The safety of meloxicam in the treatment of major rheumatological diseases of the joints and spine was assessed in a 1999 meta-analysis [24], which included data from 10 studies (Fig. 7).
According to a meta-analysis of the results of 10 published studies, meloxicam had advantages over diclofenac, piroxicam and naproxen:
- in terms of the number of complications from the gastrointestinal tract: risk reduction by ~36%;
- in terms of the frequency of withdrawal due to complications from the gastrointestinal tract: risk reduction by ~41%;
- in terms of the frequency of perforations, ulcers, bleeding from the upper gastrointestinal tract: risk reduction by ~ 48%;
- in terms of the incidence of dyspepsia: risk reduction by ~27%.
Randomized clinical trials have shown the high safety of meloxicam. Over the past decade, extensive experience has been gained in the use of meloxicam in real clinical practice, when treatment is carried out on patients of all ages, with concomitant and sometimes severe diseases, and receiving various medications, which complicates the implementation of analgesic and anti-inflammatory therapy.
Presented by Zeidler H. et al. [25] data on the results of treatment of 13,307 patients with joint pathology in routine medical practice in Germany make it possible to assess the place of meloxicam in the opinion of 2,155 doctors. The majority of patients (60%) received other NSAIDs before prescribing meloxicam: in 43.2% of cases their prescription was not effective, and in every 5th patient it was intolerable. In this group of patients, the frequency of adverse reactions leading to drug discontinuation when taking meloxicam 7.5 mg/day was 0.7% and 15 mg/day - 0.6%; the development of complicated gastrointestinal ulcers was noted in 2 out of 8652 patients receiving meloxicam 7.5 mg/day, and in another 2 out of 4448 patients with a daily dose of meloxicam 15 mg. Let us recall that the use of non-selective NSAIDs leads to the development of ulcers of the upper gastrointestinal tract in 12–19% of cases, and complicated ulcers in approximately 0.4% of cases [26]. Moreover, in many patients (up to 80%), the occurrence of ulcerative damage to the gastrointestinal mucosa occurs painlessly [26], which prevents the timely administration of gastroprotective therapy.

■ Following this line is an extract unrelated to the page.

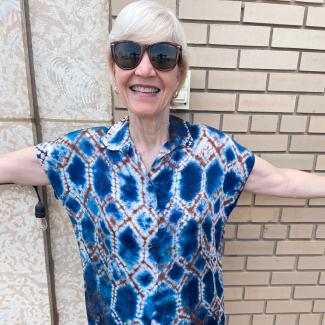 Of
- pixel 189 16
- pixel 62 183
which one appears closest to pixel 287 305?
pixel 62 183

In a pharmacoeconomic study of the safety of meloxicam in patients with risk factors for the development of NSAID gastropathy, compared with other NSAIDs [27], obvious evidence was obtained of significantly better tolerability of meloxicam (Table 1),
including the frequency of bleeding from the upper gastrointestinal tract (Fig. 8).
The problems of NSAID gastropathy are quite often discussed in the literature. Data on kidney complications are less frequently reported. Non-selective NSAIDs cause a decrease in the level of renal prostaglandins, which leads to impaired Na excretion, fluid retention, development of arterial hypertension or worsening of its course. At the same time, the effectiveness of antihypertensive drugs decreases, which dictates the need for careful monitoring of blood pressure and dose adjustment of beta-blockers, angiotensin-converting enzyme (ACE) inhibitors, and diuretics. According to the results of pathological and anatomical studies, interstitial nephritis is observed in 60–100% of patients with RA who are forced to take full therapeutic doses of non-selective NSAIDs for years.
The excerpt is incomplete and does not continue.